Chegada do VW Gol em 1980 cimentou o fim do Brasilia
Com o lançamento do Gol, em maio de 1980, o fim do Brasilia era iminente. O desenho moderno, mesmo que prejudicado pelo fraco motor 1300 a ar (substituído pelo 1.600 a ar em 1981), caiu no gosto do público, e roubaria vendas do médio da Volkswagen, que saiu de linha em 1982. Com mais de 130 mil unidades exportadas para países como Nigéria, Portugal, Filipinas, Venezuela e outros, além da produção local no México, o Brasilia vendeu mais de 950 mil exemplares no mercado brasileiro, onde tem muita história, além um público fiel.
Por fim, é inegável que o Brasilia (ou “a” Brasilia, como caiu na graça do público) tem seu valor no imaginário do público brasileiro. Seja como o carro do “Sr. Barriga” no seriado mexicano “Chaves”, ou imortalizada em 1995 pela banda Mamonas Assassinas no hit “Pelados em Santos”, o modelo tem história. Além disso, fez carreira nas pistas nas mãos de Ingo Hoffman, que correu pela extinta Divisão 3 e venceu o campeonato paulista de 1974.
Brasilia 1976 conquista lugar especial na vida de entusiasta
Mesmo fora de linha há quase 40 anos, o modelo ainda tem um espaço especial na vida dos jovens entusiastas. É o caso de Enio Júnior, de 23 anos, proprietário de um Brasilia 1976 azul caiçara. Com o modelo há quatro anos, ele conta que o comprou por acaso, mas acabou se apaixonando. “Tive um Fusca 1968 “modelinho”, e um colega ofereceu a Brasilia em troca. Quando andei no carro, pensei: cara, é isso que eu quero. E eu não achava que fosse ser um carro tão bom”, afirmou Enio.
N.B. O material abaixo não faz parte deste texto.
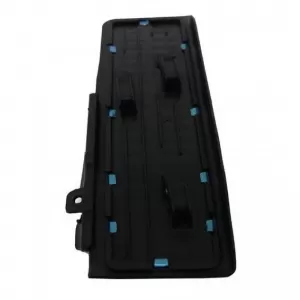 Pedal Aluminium With Footrest Suitable for VW Golf 5, 6, Scirocco, Sharan, Caddy / Skoda Octavia 04-13 / Seat Leon 1P, Toledo 3 Non Automatic Set 4 Pcs-image-6297429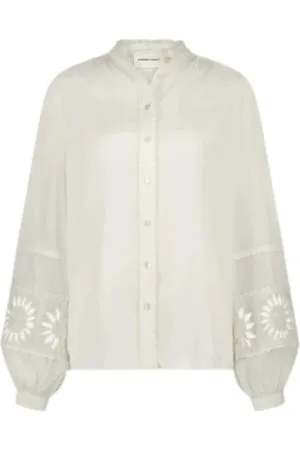 Fabienne Chapot Mujer, Blusas y Camisas, Blanco, Talla: M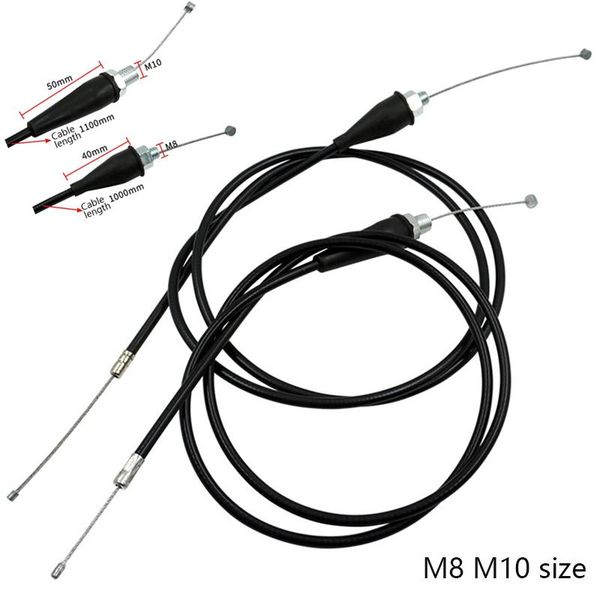 motorcycle brakes motor trail bike motocross throttle clutch cables 100cm 110cm universal pit dirt bikes m8 m10 oil cable line
motorcycle brakes motor trail bike motocross throttle clutch cables 100cm 110cm universal pit dirt bikes m8 m10 oil cable line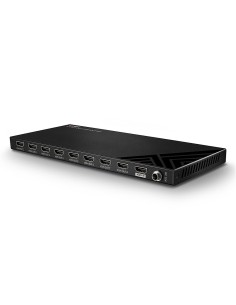 Lindy 38237 ripartitore video HDMI 8x HDMI 2
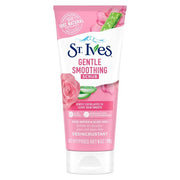 Stives Gentle Smoothing Scrub Rose Water & Aloe Vera 170g - Shams Shopping Centre St Ives  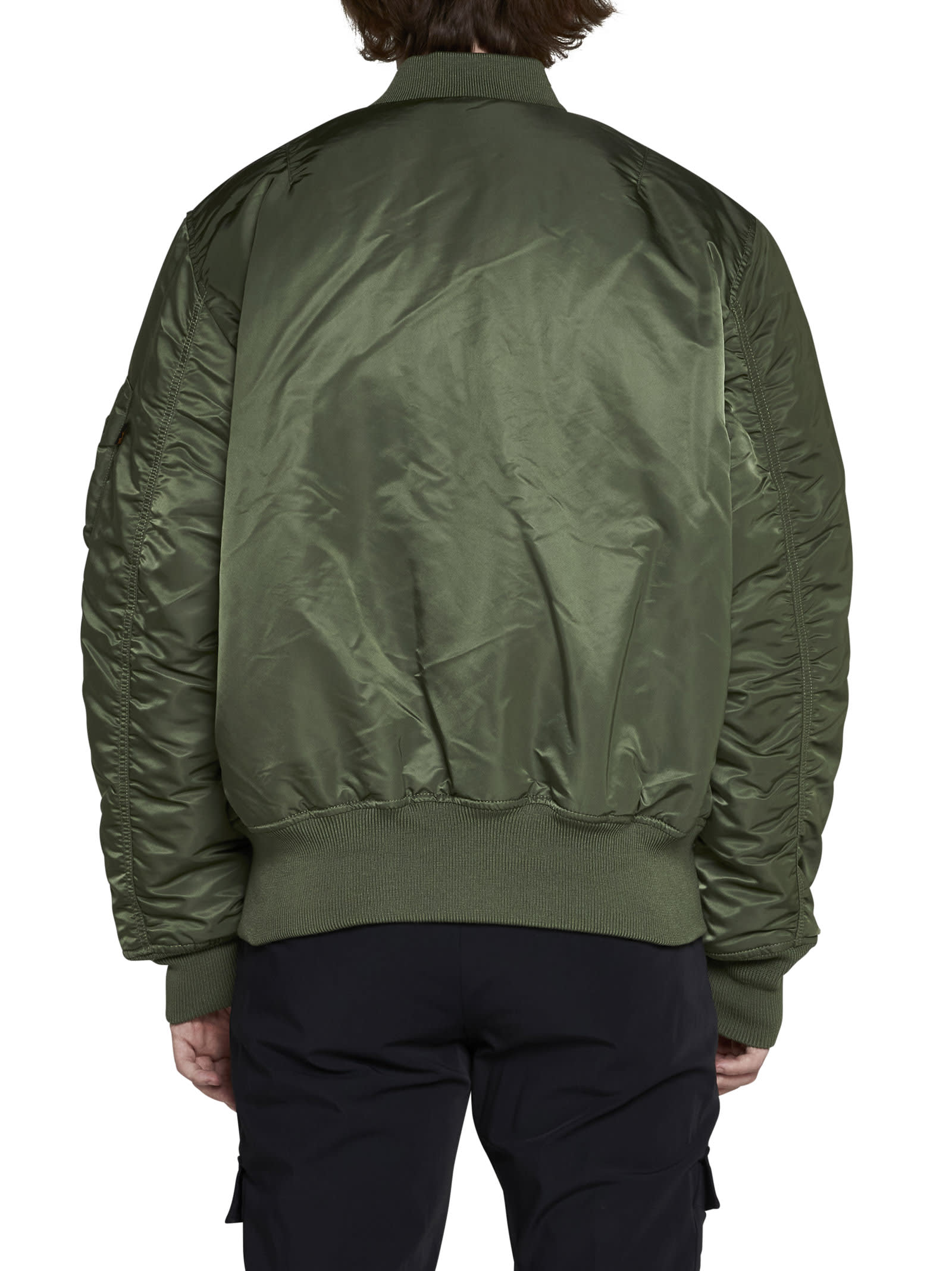 Ma-1 Reversible Jacket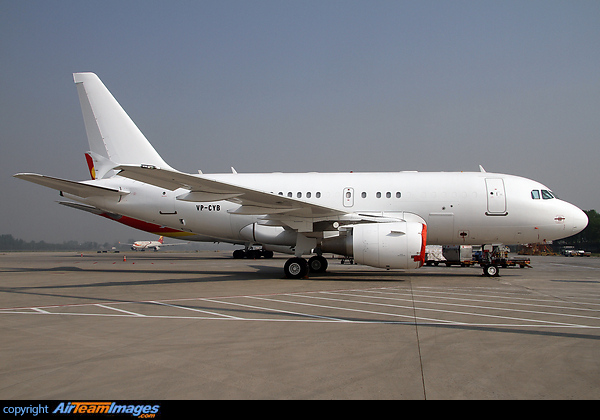 Airbus ACJ318 Airbus ACJ318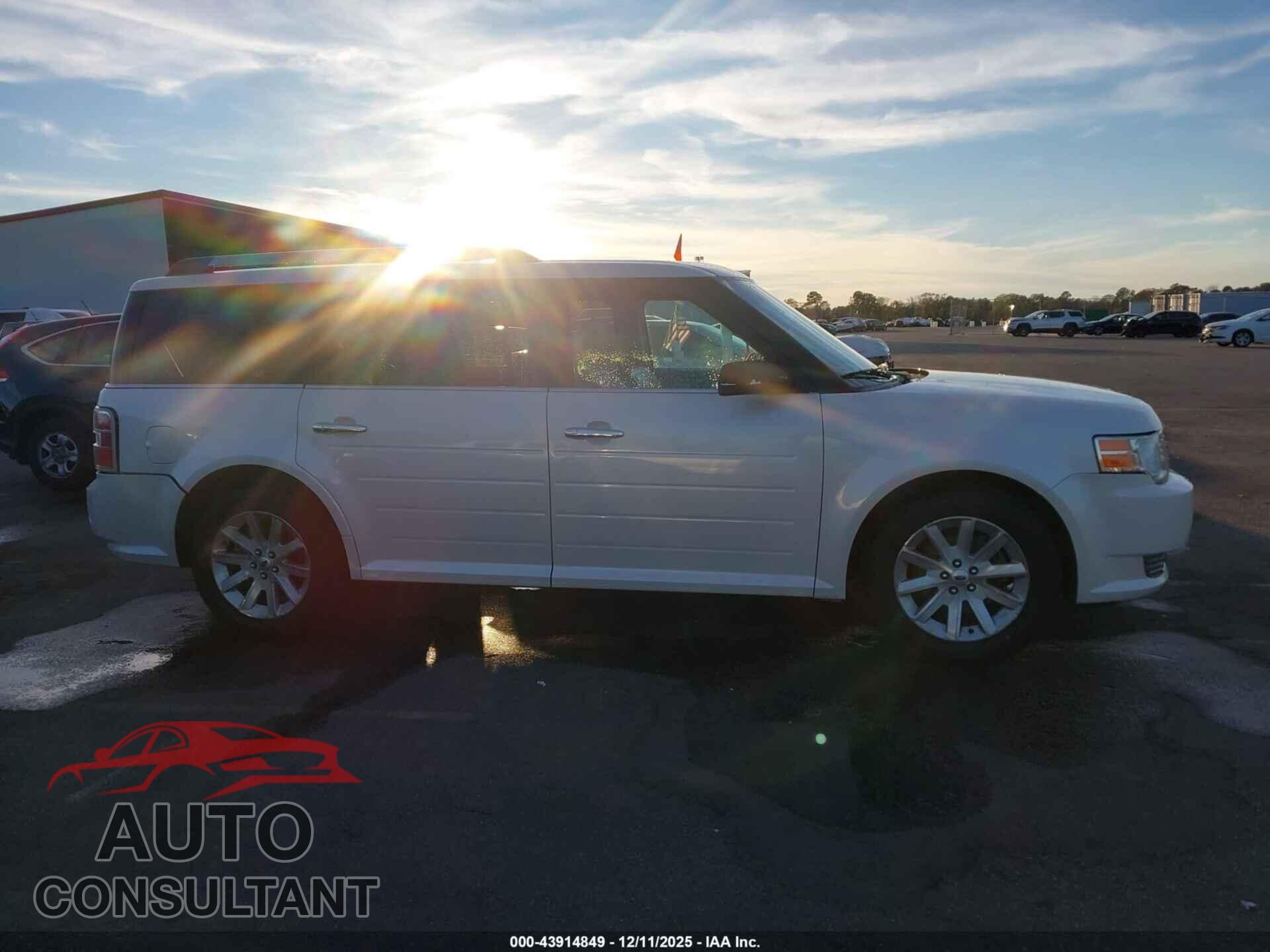 FORD FLEX 2012 - 2FMHK6CC2CBD04192
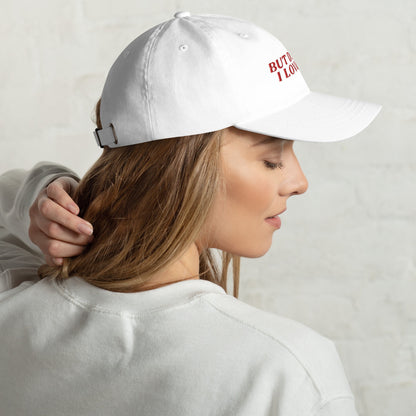 But Daddy I Love Her Dad Hat | TTPD Era Hat | LGBTQ Pride Hat | Swift Merch | Taylor Hat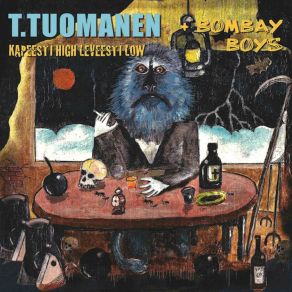 Download track Hyvästi Julma Maailma Bombay Boys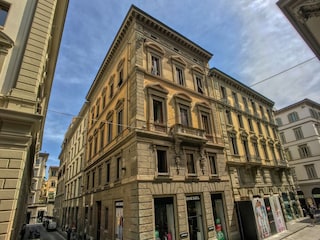 Apartment Florenz Außenaufnahme 4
Além disso, o proprietário elogia a dirigibilidade, que, em sua opinião, é muito superior à do Fusca, por exemplo. O modelo, apesar de ter quase cinquenta anos, é seu favorito para longas viagens, e, desde 2019, já rodou mais de 30 mil quilômetros entre idas do Rio de Janeiro, onde mora, até o Paraná. “Fiz a revisão prévia no carro e sugeri ao meu pai que fossemos até São Paulo. Deu tão certo que repeti o trajeto, e lá decidir ir até Curitiba. Nisso, já fui até lá e voltei algumas vezes”, comenta o assistente de câmera.
Com algumas modificações sutis na suspensão e rodas, pneus radiais e volante esportivo, o VW Brasilia mescla o visual VEB (Velha Escola Brasil) com a originalidade, e rebate comentários descrentes da capacidade do modelo de realizar grandes distâncias. “O carro foi fabricado para isso, andar mesmo, e pensar diferente disso é um preconceito bobo. Gosto de ir trabalhar com ele, e planejo ir mais longe, talvez até o Uruguai. Onde esse carro quiser me levar, eu vou”, conclui.